Learning to find the perfect light is something that takes time and experience. But what do you do when the perfect light isn't there? Shooting in hard sunlight isn't always the most flattering or ideal situation. Don't settle for less than ideal results, bad light doesn't have to mean bad images. In this tutorial you'll learn how to defeat hard light by scrimming and lighting to completely reset your lighting conditions and take control of your shoot.
This I week had a chance to take one of my photography classes out on a really beautiful and sunny February day. They are in the midst of learning how to use their 5-in-1 reflectors to modify lighting conditions, but I decided to take things one step further.
1.) First, we shoot the natural light in order to see what we are dealing with. In the image below we can see the available light. There is no modification to the light here at all. The sun is high and camera left. It was approximately 1 p.m. when this shot was taken.
2.) Here we see the dramatic shift of simply scrimming the light. By scrimming I am referring to using a piece of diffusion material that blocks and softens the light. The quality of a light source is determined by the last thing it travels through. So even though the the actual light is coming from the sun (a hard pin-light source), it is now being modified by a large piece of diffusion material that is placed fairly close to the subject, creating a very soft light.

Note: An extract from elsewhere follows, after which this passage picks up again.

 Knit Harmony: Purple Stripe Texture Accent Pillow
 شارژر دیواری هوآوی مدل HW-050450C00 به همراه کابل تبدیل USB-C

3.) Now we have added an artificial light source. We have pointed a Profoto D1 Head with no modifier directly onto our subject. This controlled hard light is something that can work in certain styles and genres of photography, and provides a hard, edgy look.
4.) Next we are modifying our strobe light source with a Medium Westcott Apollo softbox. By balancing the exposure, we are able to maintain a naturally lit appearance. By placing the Apollo softbox over the Profoto, the light source goes from a hard light to a soft light.
5.) Then we decided to see how things would look if we placed our strobe on the side of the subject, coming from the opposite direction of our scrimmed sunlight. For comparison sake, the strobe in the image below is unmodified.
6.) Now our strobe, still placed slightly behind the subject, is being modified with another scrim identical to the one diffusing the sunlight. This demonstrates the importance of placement of the side light. Here, only the front half of the panel is actually lighting the subject. We then moved the scrim so the entirety of its surface can see and light our subject.
7.) In this image you can see the effect of bringing the panel forward so that the light can wrap around and light more of our subject, bringing more light to the front of our subject's face.
8.) Finally, we increased the power from our strobe (camera right being diffused by the second scrim). By increasing the power, we have altered the balance between natural light and strobe light, providing a slightly different look.
Sometimes that hard direct sunlight look is exactly what you're looking for, but when it's not, don't be intimidated. By using a large scrim or even a smaller diffuser, you can turn that hard sunlight into a beautiful giant softbox.